Director of Research and Projects at the Ghana Employers’ Association (GEA), Charles Asante-Bempong said a recent study carried out by the GEA revealed that the current energy crisis has had a telling effect on businesses with some industries laying off staff, and others working below capacity due to the unreliable nature of power.

He hinted the situation could get worse if the general economic condition does not improve in 2016.

Mr Asante-Bempong was speaking on the sides of a breakfast meeting held by the Association to discuss with industry players its draft Business Agenda document for the 2016-2018 years.

Since the beginning of 2014 till now, many prominent companies in the country have laid off some of their employees while some threatened to do so if the economy does not improve.

This has left the Ghanaian worker worse off than ever.

In the mining sector, where the challenges equally stem from external shocks as they are of nationally, about a thousand workers have been laid off.

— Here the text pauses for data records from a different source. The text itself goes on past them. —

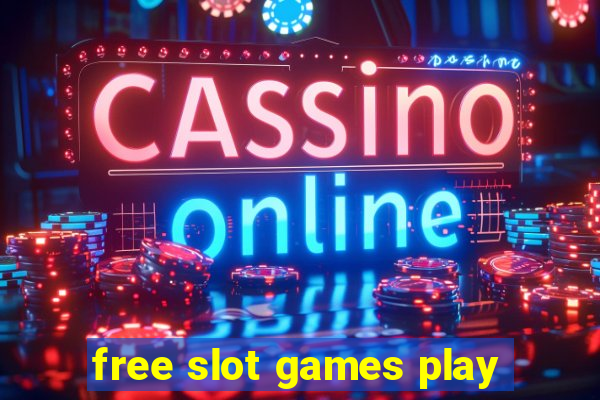 free slot games play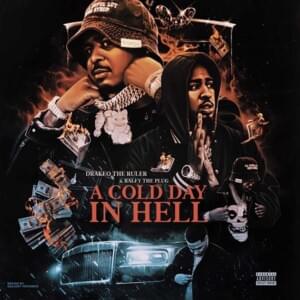 Cold Day In Hell - Drakeo the Ruler & Ralfy the Plug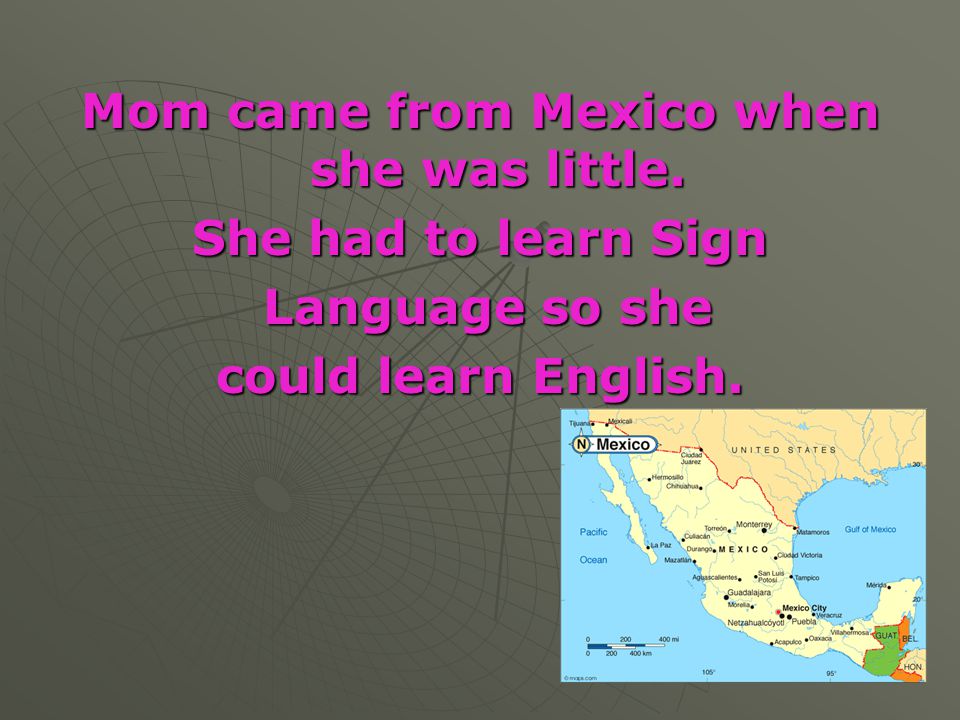 Mom came from Mexico when she was little.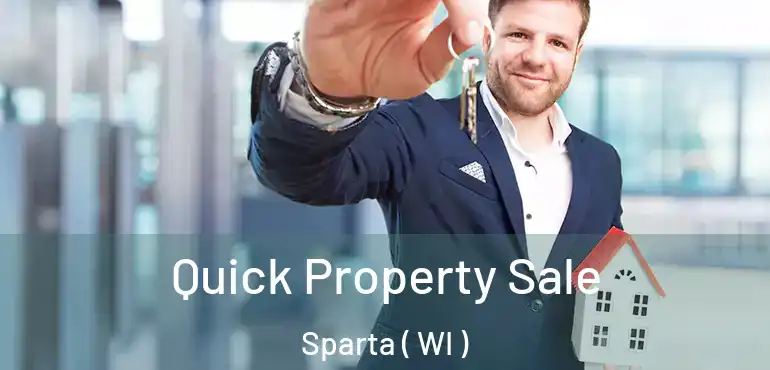  Quick Property Sale Sparta ( WI )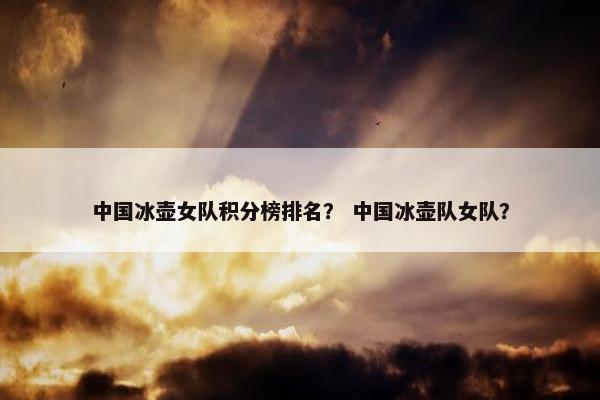 中国冰壶女队积分榜排名？ 中国冰壶队女队？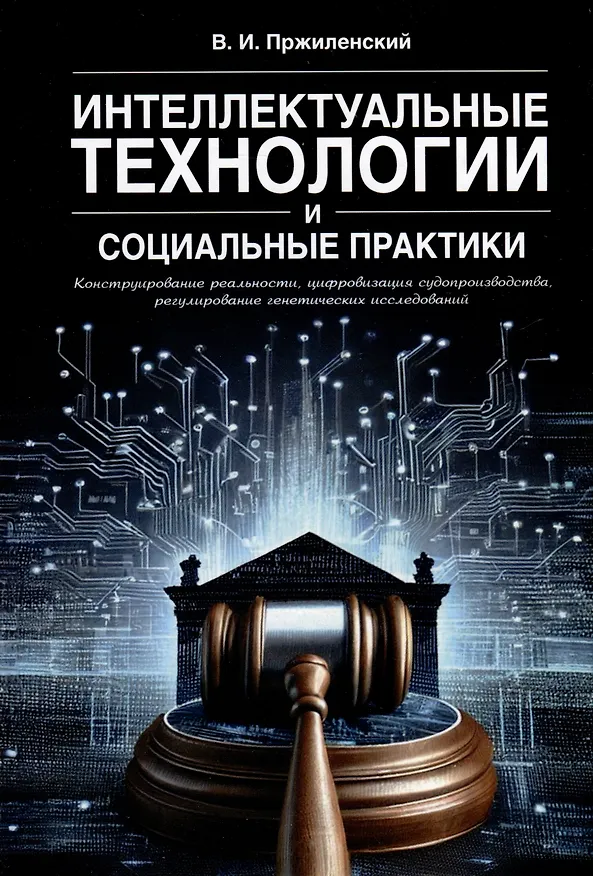 Книга Интеллектуальные технологии и социальные практики. Конструирование реальности, цифровизация судопроизводства, регулирование генетических исследований. Монография (Владимир Пржиленский) — 1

Newmont Ghana laid off about 500 workers in 2014 as part of efforts to improve and ensure cost and operational efficiency at its Ahafo Mine. It had in 2013 laid off 240 workers “due to a fall in gold price on the world market and the rising cost of doing business in the last five years.”

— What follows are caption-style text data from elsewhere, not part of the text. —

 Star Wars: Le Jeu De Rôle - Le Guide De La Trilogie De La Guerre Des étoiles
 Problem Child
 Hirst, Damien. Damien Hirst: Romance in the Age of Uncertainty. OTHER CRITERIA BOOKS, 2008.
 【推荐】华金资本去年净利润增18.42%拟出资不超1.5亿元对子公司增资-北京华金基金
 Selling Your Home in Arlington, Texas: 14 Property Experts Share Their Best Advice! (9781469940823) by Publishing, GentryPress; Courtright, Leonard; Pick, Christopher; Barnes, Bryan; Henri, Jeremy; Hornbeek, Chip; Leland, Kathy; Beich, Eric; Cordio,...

In August 2014, AngloGold Ashanti slowed operations at its Obuasi mine by slashing its exploration budget to between US$150 and US$175 million from US$400 million - resulting in the laying off of hundreds of workers.

Goldfields in 2014 also laid off more than 500 employees and announced it would lay off 200 more in March this year in the economic status quo does not improve.

The domestic challenges aforementioned, together with a fall in gold prices on the world market, have had a telling effect on the industry.

Gold prices began 2014 trading at US$1,250 an ounce on the international market and peaked to an all-time high, within the period under review, of US$1,380 in March 2014. The commodity is currently trading at US$1,069.

In the manufacturing sector, Coca-Cola Bottling Company Limited laid off some 98 workers in March this year, from the total 250 it planned to retrench, due to the worsening effects of the current power crisis and the depreciation of the cedi.

Beverage producing company, Blue Skies also threatened to lay off a thousand of its workers in April 2015 if nothing is done to improve the erratic power supply in the country. Cadbury Ghana Limited and Mantrac Ghana laid off 58 and 180 workers respectively for the same reasons.

In the services sector, Novotel Hotel laid off 26 while the African Sun Hotel at Airport City totally folded up totally leaving hundreds of its workers jobless.

A shortage in power supply (deficit of 500MW) from the national grid, resulting in a load shedding exercise by the Electricity Company of Ghana (ECG), has crippled many businesses in its four-year run.

Access to credit and the cost of borrowing have been a major challenge for most businesses in the country. Many of the commercial banks lend at between 28 and 38 per cent per annum even though the central bank currently lends to them (commercial banks) at 26 per cent.

The cost of borrowing is said to rise further as the Bank of Ghana (BoG) continues to increase its policy rate in bid to tighten the country’s monetary policy stance. The BoG policy rate has been increased by 500 basis points in the past year from 21 percent to the current 26 percent.

The cedi has depreciated by about 60 percent against major trading currencies since the beginning of 2014. The currency began 2014 trading at GH¢2.3 to dollar but now trades at GH?3.8.

Utility prices are set to go up by a 100 per cent in 2016 further putting a strain on businesses. Even though inflation has remained relatively stable, cost of inputs has escalated drastically.

According to the GEA the private sector’s role as a key engine for economic development, and an important partner for sustainable and inclusive economic growth, is critical in reducing poverty, and as such should be taken serious.

Despite its contributions to the economy, the fundamental questions regarding how the country’s private sector was being developed to actually boost economic growth and reduce poverty remains unanswered.